A buckboard, drawn by two sturdy draft horses, stood parked under the great sycamore that lent its shade to the fenced yard. Atop the high seat, serving as driver, slouched Deputy Austin Blakely, looking a bearded, scruffy shadow of his former self; a bandage, now stained red in spots, had been wrapped around his head, under a beaten and battered sombrero. Sheriff Paul Winslow had pulled his big bay stallion to a halt beside, and was beginning to carefully dismount. Two other horses were loosely fastened to the back of the wagon, to trail along behind at a slow pace.
“Hey, Paul!” Gabriel’s hands on Camellia’s shoulders moved her gently aside as he pressed forward. “I was just thinkin’ to send out a rescue party! Where’ve you been all this time?”
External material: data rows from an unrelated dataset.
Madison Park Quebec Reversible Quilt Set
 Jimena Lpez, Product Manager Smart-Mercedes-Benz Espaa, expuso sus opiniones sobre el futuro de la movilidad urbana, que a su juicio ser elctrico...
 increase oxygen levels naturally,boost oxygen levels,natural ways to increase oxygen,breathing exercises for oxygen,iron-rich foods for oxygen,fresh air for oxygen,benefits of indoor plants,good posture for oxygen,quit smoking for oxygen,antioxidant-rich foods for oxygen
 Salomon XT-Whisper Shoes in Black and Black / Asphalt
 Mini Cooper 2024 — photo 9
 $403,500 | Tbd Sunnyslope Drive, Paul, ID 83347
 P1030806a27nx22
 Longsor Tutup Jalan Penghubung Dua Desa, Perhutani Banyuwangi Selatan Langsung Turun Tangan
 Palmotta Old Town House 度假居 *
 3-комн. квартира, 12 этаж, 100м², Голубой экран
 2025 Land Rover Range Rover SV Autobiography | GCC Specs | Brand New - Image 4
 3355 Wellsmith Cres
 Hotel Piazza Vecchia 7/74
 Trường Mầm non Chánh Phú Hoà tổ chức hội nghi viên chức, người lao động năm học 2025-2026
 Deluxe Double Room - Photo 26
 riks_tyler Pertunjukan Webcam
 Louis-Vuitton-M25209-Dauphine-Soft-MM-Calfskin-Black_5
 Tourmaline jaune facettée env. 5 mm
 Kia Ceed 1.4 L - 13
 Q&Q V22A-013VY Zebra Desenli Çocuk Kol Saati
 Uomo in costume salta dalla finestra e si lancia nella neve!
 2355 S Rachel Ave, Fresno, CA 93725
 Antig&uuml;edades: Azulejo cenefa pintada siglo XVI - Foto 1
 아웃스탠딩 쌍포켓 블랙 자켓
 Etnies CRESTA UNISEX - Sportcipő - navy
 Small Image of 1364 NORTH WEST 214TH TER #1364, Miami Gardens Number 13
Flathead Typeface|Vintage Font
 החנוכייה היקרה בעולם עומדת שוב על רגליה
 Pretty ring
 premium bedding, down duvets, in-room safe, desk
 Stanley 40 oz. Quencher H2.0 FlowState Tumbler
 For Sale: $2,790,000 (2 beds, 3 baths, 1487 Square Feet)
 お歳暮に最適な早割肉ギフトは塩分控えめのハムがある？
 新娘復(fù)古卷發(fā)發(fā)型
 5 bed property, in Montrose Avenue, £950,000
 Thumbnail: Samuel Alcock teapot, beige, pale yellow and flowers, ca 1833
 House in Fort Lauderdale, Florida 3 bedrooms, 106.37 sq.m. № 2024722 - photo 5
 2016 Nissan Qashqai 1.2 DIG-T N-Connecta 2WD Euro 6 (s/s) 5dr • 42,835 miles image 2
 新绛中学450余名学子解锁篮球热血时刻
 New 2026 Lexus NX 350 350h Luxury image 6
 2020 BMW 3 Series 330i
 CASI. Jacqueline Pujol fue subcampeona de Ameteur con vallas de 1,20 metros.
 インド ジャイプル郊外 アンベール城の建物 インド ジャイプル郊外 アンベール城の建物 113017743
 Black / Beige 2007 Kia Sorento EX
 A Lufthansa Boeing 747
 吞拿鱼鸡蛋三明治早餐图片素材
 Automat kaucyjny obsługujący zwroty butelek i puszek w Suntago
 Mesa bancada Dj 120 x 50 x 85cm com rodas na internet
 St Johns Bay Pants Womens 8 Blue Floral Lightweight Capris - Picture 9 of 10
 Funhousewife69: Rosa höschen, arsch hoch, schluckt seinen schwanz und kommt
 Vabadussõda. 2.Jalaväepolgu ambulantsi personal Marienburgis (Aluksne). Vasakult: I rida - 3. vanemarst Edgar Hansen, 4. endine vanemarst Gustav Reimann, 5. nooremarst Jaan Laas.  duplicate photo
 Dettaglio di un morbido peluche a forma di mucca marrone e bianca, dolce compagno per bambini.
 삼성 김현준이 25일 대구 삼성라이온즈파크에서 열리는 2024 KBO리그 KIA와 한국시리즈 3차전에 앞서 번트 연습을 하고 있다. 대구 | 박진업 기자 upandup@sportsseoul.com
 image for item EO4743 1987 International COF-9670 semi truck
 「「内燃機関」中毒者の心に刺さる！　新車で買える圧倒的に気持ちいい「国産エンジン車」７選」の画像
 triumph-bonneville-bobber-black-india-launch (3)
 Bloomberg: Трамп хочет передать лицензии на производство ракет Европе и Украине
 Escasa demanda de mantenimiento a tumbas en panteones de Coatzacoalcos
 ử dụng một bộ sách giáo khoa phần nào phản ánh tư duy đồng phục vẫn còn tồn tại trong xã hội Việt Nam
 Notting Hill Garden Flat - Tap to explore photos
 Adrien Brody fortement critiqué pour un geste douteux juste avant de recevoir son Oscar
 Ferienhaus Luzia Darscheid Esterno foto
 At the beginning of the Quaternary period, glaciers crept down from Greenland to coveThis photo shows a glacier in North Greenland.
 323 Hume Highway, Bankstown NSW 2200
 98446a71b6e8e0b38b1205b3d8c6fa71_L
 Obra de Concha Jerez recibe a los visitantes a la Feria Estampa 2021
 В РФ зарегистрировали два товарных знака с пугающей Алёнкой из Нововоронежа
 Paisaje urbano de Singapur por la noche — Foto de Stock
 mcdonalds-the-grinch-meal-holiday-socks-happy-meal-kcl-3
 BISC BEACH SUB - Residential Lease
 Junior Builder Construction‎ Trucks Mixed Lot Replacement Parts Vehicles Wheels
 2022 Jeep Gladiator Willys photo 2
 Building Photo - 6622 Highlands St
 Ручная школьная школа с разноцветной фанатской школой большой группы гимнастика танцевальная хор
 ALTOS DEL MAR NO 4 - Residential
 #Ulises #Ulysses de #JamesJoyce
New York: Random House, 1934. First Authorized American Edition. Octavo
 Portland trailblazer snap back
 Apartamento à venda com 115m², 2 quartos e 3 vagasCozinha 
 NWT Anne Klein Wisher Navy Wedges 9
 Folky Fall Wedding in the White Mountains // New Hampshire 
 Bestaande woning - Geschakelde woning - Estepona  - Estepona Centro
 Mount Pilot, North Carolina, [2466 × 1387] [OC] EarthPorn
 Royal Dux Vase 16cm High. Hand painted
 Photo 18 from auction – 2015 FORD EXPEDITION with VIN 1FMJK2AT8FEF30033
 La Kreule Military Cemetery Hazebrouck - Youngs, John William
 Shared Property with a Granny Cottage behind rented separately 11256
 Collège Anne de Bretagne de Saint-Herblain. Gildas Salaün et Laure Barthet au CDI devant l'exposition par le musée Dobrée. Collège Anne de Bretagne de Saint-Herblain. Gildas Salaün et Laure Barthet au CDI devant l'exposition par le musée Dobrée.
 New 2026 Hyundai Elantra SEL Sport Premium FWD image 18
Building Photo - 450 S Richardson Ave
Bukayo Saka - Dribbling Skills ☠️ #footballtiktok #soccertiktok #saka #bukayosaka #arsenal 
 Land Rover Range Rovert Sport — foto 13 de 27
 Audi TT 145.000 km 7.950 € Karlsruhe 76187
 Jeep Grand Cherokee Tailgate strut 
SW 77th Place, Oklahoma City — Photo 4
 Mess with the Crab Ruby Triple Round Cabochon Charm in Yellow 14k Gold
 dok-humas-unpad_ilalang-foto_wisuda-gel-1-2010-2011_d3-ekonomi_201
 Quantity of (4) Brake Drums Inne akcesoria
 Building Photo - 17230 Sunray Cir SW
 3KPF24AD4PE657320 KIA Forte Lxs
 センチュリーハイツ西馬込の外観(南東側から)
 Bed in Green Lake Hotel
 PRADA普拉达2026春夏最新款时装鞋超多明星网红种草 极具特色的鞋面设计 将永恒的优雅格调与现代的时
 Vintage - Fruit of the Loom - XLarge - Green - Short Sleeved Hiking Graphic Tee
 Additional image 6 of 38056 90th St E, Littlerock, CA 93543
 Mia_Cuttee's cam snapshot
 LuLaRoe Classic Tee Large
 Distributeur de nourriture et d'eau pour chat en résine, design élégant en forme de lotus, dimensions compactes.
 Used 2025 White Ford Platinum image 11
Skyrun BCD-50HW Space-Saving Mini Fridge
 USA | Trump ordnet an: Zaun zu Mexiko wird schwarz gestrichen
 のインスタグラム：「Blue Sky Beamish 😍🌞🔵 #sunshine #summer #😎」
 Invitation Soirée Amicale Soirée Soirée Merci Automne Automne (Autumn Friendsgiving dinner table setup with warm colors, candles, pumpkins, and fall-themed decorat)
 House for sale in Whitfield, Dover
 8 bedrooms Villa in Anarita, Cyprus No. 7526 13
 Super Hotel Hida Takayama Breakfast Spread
Slowly and stiffly, like a geriatric instead of a man in his prime, the sheriff dismounted and tied the reins fast. “Had a lot goin’ on, Doc. You better get your tail out here, b’cause we could use some help.”
All of them, Gabe in the lead, and the sisters right behind, needed no further directive to hasten from porch to steps to flagstone path. Before she had even skidded to a stop, Camellia let out a small cry as she caught sight of what lay on the buckboard’s floor.
Her husband. Her unconscious, slackened husband, with a stubbly face pale as death and a motionless frame whose crumpled shirt and dusty trousers showed rusty-red with blood.
Gabriel’s own heart skipped a few beats as he climbed nimbly inside the box; he could only imagine what tricks Camellia’s must be performing. “Dead?”
“He wasn’t when we started out.”
“Gabe!” Camellia mewed. She stood, shaky and trembling, enveloped by both of Hannah’s arms for support. “Gabriel! Tell me—”
“A moment, honey. Just a moment.” The doctor was already searching for a pulse, peeling back an eyelid, checking to find the wound that could be the source for all that gore. “All right, let’s get him out of here. Cam, can we put him on the settee for now? Easier, all around.”
It took the hard labor of several strenuous minutes to get him hauled across open terrain—Ben Forrester was a big, bulky man, after all—and installed in place upon the parlor sofa. While Gabe began working over his patient, he flung a quick query over one shoulder: “Austin, you doin’ okay for a bit?”
“Yeah, reckon I can hang on a little longer, Doc. You take care of ol’ Ben here, first.”